SEC Filings

MEDTRONIC PLC filed this Form 11-K on 10/26/2017
Entire Document

Investment Valuation and Investment Income Recognition
The Plan’s investments are stated at fair value, except for fully benefit-responsive investment contracts within the Interest Income Fund, which are reported at contract value. Fair value is the amount that would be received to sell an asset or paid to transfer a liability in an orderly transaction between market participants at the measurement date. See Notes 3 and 4 for discussion of fair value measurements.
Interest income is recorded as earned on an accrual basis. Dividend income is recorded on the ex-dividend date. Realized gains and losses related to sales of investments are recorded on a trade-date basis, and unrealized gains and losses are recorded based on the fair values at the reporting date.
Investment Contracts
The Master Trust, through its investment in the Interest Income Fund, invests in fully benefit-responsive investment contracts, including both traditional guaranteed investment contracts (GICs) and synthetic GICs. The Interest Income Fund is credited with earnings from these contracts and charged for participant withdrawals and administrative expenses. The GIC issuer is contractually obligated to repay the principal and a specified interest rate that is guaranteed to the Plan. There are no reserves against contract value for credit risk of the contract issuer or otherwise. The crediting interest rate is based on a formula agreed upon with the issuer, but may not be less than 0%. Such interest rates are generally reviewed on a quarterly basis for resetting.
The terms of fully benefit-responsive investment contracts generally provide for settlement of payments upon maturity of the contract, termination of the contract, or total liquidation of the covered investments.
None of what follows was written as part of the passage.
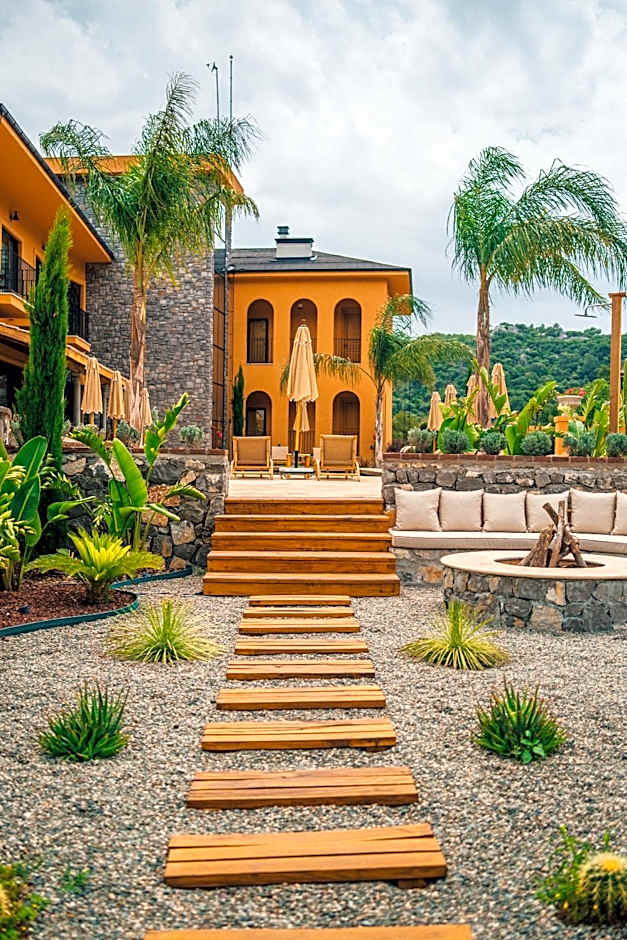 The Remote Hotel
However, fully benefit-responsive contracts also provide guarantees from the issuers to redeem at contract value all bona fide employee benefit related payment requests made by the Plan, if Plan cash levels are insufficient to meet those requests. Generally, benefit payments requested by the Plan under this “benefit responsive” provision will be made pro-rata, based on the percentage of investments covered by each issuer.
A synthetic GIC is a wrap contract paired with an underlying investment or investments, usually a portfolio, owned by the Plan, of high-quality, intermediate-term fixed income securities. The Plan purchases a wrapper contract from a financial services institution. A synthetic GIC credits a stated interest rate for a specified period of time. Investment gains and losses from the underlying investments in the synthetic GIC are amortized over the expected duration through the calculation of the interest rate applicable to the Plan on a prospective basis. The crediting rate is primarily based on the current yield-to-maturity of the covered investments, plus or minus amortization of the difference between the market value and contract value of the covered investments over the duration of the covered investments at the time of computation. The crediting rate is impacted by the change in the annual effective yield to maturity of the underlying securities, and is affected by the differential between the contract value and the market value of the covered investments. Depending on the change in duration from reset period to reset period, the magnitude of the impact to the crediting rate of the contract to market difference is heightened or lessened. The crediting rate is adjusted periodically usually either monthly or quarterly, but in no event is the crediting rate less than 0%.
Synthetic investment contracts generally impose conditions on both the Plan and the issuer. If an event of default occurs and is not cured, the non-defaulting party may terminate the contract. The following may cause the Plan to be in default: a breach of material obligation under the contract; a material misrepresentation; or a material amendment to the Plan agreement. The issuer may be in default if it breaches a material obligation under the investment contract; makes a material misrepresentation; has a decline in its long term credit rating below a threshold set forth in the contract; is acquired or reorganized and the successor issuer does not satisfy the investment or credit guidelines applicable to issuers. If, in the event of default of an issuer, the Plan was unable to obtain a replacement investment contract, withdrawing plans may experience losses if the value of the Plan’s assets no longer covered by the contract are below contract value. The Plan may seek to add additional issuers over time to diversify the Plan’s exposure to such risk, but there is no assurance the Plan may be able to do so. The combination of the default of an issuer and an inability to obtain a replacement agreement could render the Plan unable to achieve its objective of maintaining a stable contract value.